• ACTIVITY: Could you repeat word for word only the lines from the one containing "MANN-FILTER Eļļas filtrs HU7051z" to the last line of the data below?

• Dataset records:
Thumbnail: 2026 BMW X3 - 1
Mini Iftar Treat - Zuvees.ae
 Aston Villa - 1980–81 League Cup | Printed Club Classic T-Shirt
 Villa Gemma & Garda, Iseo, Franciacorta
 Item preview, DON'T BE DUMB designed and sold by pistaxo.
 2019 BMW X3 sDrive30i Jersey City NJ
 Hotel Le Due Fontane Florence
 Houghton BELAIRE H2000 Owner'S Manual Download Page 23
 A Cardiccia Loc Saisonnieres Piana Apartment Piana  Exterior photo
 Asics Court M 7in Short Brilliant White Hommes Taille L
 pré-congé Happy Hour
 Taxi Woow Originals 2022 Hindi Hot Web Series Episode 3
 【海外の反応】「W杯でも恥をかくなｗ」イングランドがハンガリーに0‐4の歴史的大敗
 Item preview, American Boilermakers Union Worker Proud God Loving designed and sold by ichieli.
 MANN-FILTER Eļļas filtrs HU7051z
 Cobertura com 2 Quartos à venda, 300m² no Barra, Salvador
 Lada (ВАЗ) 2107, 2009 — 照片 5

• SOLUTION FOR THIS EXERCISE:
 MANN-FILTER Eļļas filtrs HU7051z
 Cobertura com 2 Quartos à venda, 300m² no Barra, Salvador
 Lada (ВАЗ) 2107, 2009 — 照片 5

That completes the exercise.